▶ WHAT THE TASK ASKS: Take the line that contains "Completo camicia e short Completo" and each line after it to the end of the material below, and return them exactly, minus the pictures.

————

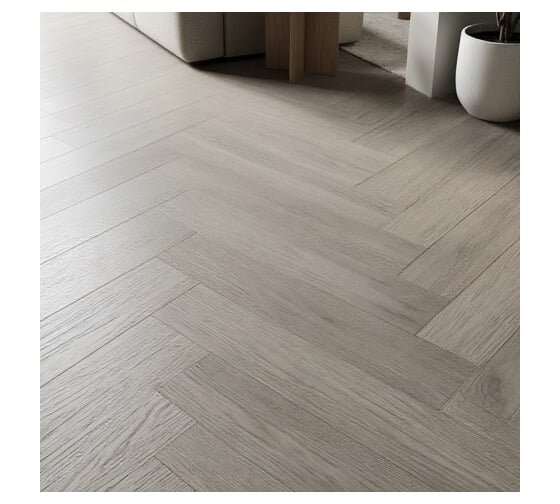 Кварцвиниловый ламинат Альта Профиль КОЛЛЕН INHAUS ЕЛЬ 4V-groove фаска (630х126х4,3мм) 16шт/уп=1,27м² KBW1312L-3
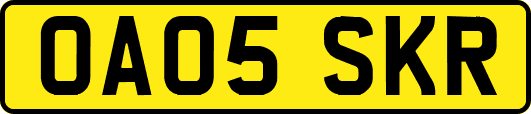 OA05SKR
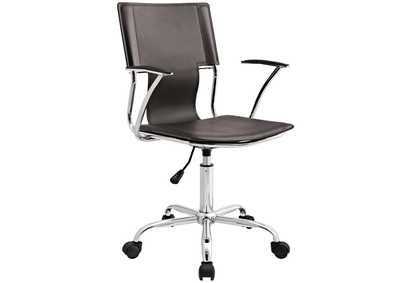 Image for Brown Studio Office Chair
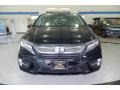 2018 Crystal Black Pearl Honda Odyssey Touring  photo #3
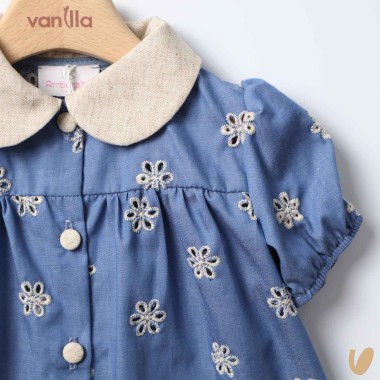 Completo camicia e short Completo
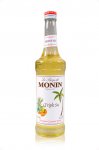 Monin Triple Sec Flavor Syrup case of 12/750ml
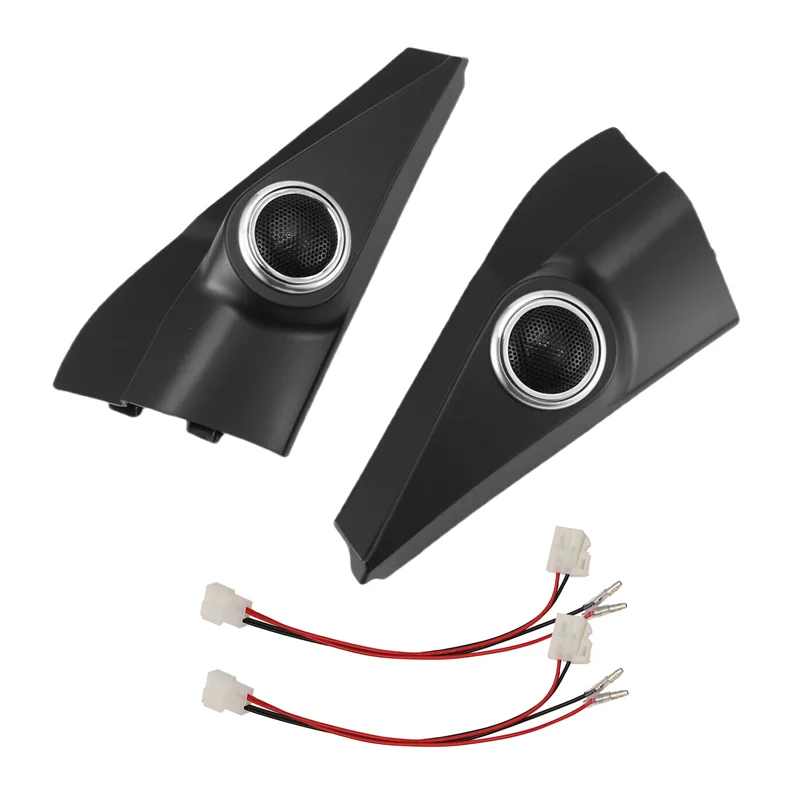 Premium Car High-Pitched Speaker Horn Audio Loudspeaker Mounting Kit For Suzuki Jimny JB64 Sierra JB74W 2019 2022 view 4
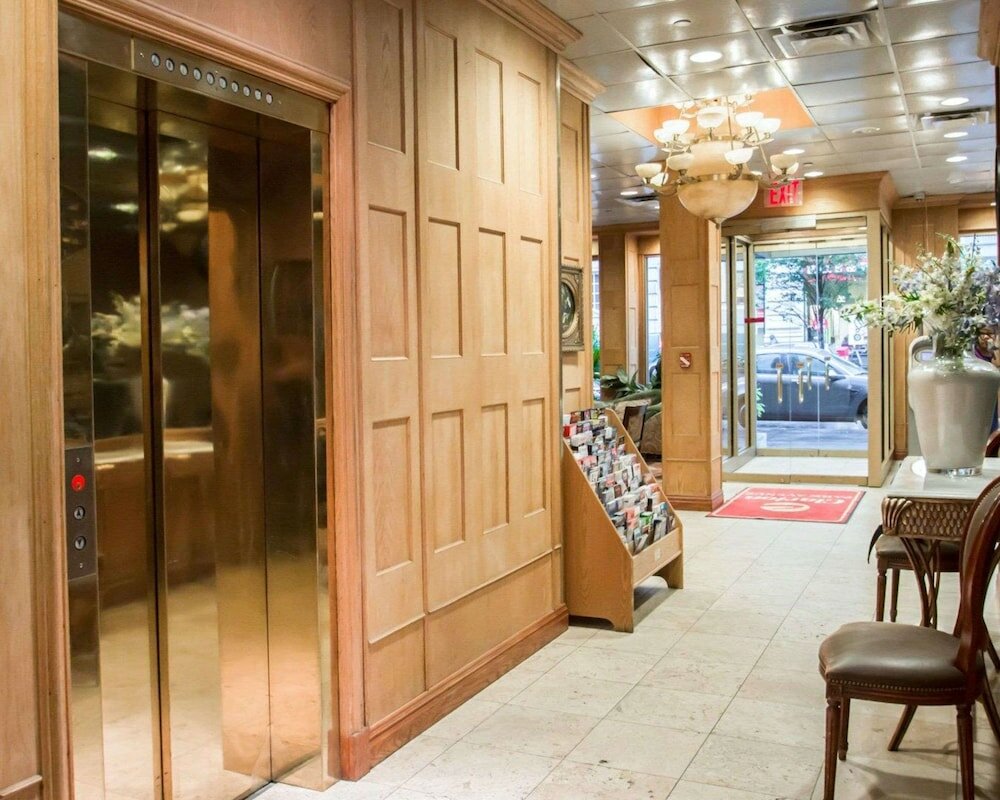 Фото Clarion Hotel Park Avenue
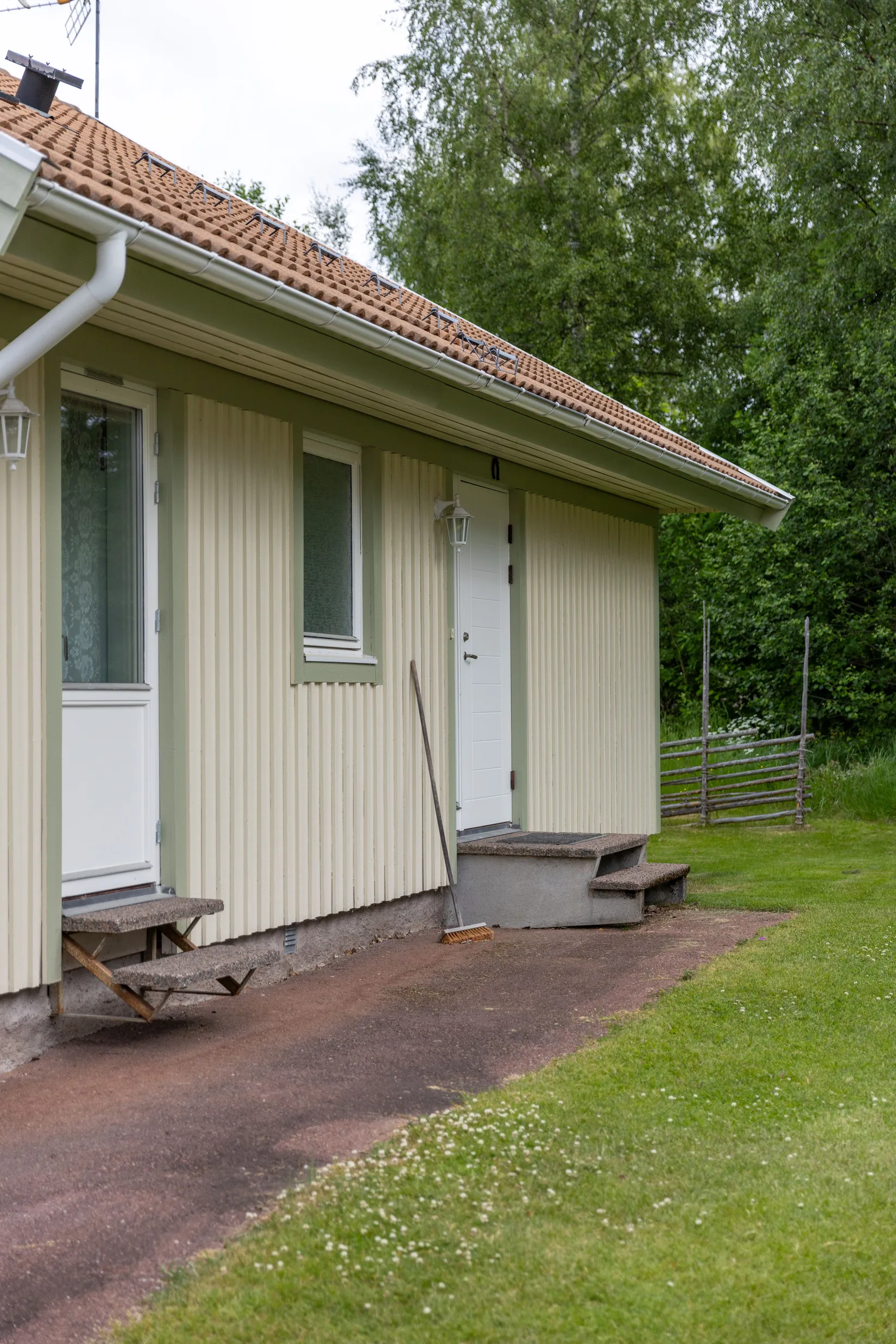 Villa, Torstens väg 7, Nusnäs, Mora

————

▶ YOUR RESPONSE:
 Completo camicia e short Completo
 Monin Triple Sec Flavor Syrup case of 12/750ml
 Premium Car High-Pitched Speaker Horn Audio Loudspeaker Mounting Kit For Suzuki Jimny JB64 Sierra JB74W 2019 2022 view 4
 Фото Clarion Hotel Park Avenue
 Villa, Torstens väg 7, Nusnäs, Mora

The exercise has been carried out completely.